Distributed marketing/sales team support
A bank, investment advice brand, or insurance agency example is a good way to illustrate this type of promotion.
Take the investment advice brand – they have at least one branch in most cities, on Main Street. In each branch are either individual investment advisers or teams of investment advisers. The investment advisers work hard to build a brand of their own – building a bank of happy customers who come to them specifically for advice – under the umbrella of the trusted major brand. Each of these advisers wants to create marketing material that has the consumer brand recognition of the company but also promotes them individually. The material can include items as simple as business cards all the way to complex, multi-page, proposals, and brochures.
Due to the nature of regulation in this industry, the advisers need to be careful that what they create does not breach any legal compliance rules. They also want to ensure that what they produce is recognizable as part of the brand that they work for, to leverage the goodwill that the brand has already generated.
How do they do it?
The amount of work and collaboration involved in getting the right information about individual financial advisers and what material they need, while making sure that the content is delivered quickly enough, can be a big job, especially when dealing with many financial advisers.
However, this investment brand gives their financial advisers access to an on-demand portal that gives them access to all of the marketing materials and allows them to edit only the parts that are relevant to them. They can insert their own headshots, add whatever contact information they want, and even personalize for individual customers. All 24-hours a day and self-service.
Brands that are succesful with this are finding creative ways to handle the demand that enabling the field to locally adapt content creates are the ones that are winning.
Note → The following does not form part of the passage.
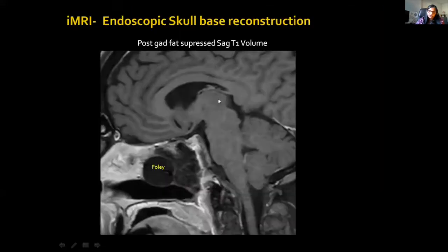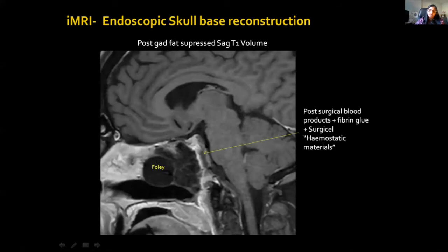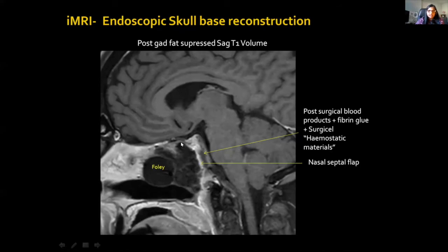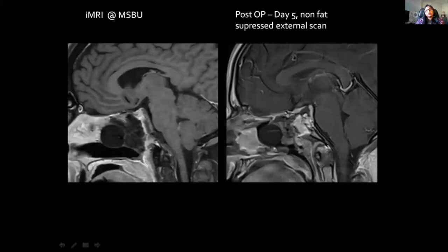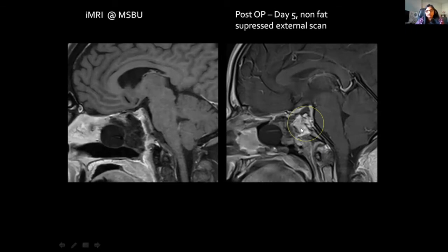Coming to the post-operative imaging: a sagittal T1 sequence demonstrates the different layers of reconstruction. Going from in to out, we have an area of low T1 signal with some high T1 signal — a combination of blood and haemostatic materials — then the enhancing nasal septal flap, followed by spongiostan and the nasal Foley. Comparing with a reconstruction done at an outside hospital, the layers are different and fat has also been used. It is important that when fat is used, fat suppression sequences are employed, as otherwise it can be difficult to distinguish where the flap ends, the fat starts, and whether there is any residual tumour.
The old ways of having a bunch of mac operators in the basement churning out content on demand can’t keep up, so they are turning to technology. A platform that gives the field 24/7 self-service access to adaptable content with an intuitive interface that requires no training, and that allows the field to customize where they need to, while still protecting the brand, is the most effective method.
Brandgility – Content adaptation, solved.
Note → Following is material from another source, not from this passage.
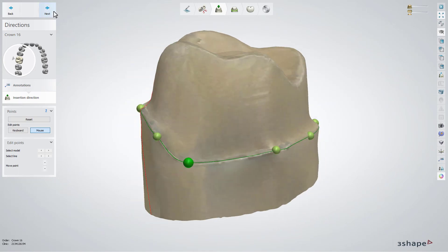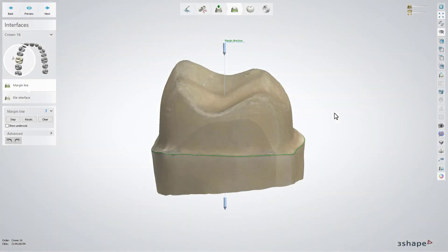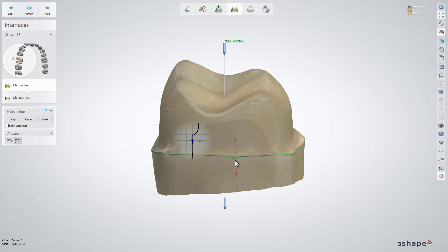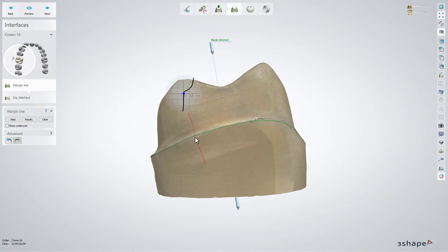Click Next to move to the Interfaces step. In the Margin Line sub-step, the green line representing the margin line will be placed automatically. It will turn red if it goes in the undercut area. Modify it easily by using the mouse cursor to draw the line or simply click to move the line on the model. The control button on the mouse scroll wheel changes the radius of the adjustment area and makes the line course smoother.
Solving this problem is why Brandgility was created – it allows existing content to be turned it into templates that your field teams can adapt live and instantly when they need it. It guides them seamlessly through the choices that they can make while providing instant, visual feedback.
It’s a self-service platform, so they don’t need to queue for a team of designers or wait for an off-shore team to be back online. They don’t need to become specialists at briefing an agency – they can see the results of their edits live. To make sure that the work is high-quality, it has intelligent rules baked-in so that the output automatically meets brand standards and compliance rules will ensure that they can produce content that is safe to use.
And with an online tool that allows the field to do the work themselves, the ROI on each campaign will grow with every use.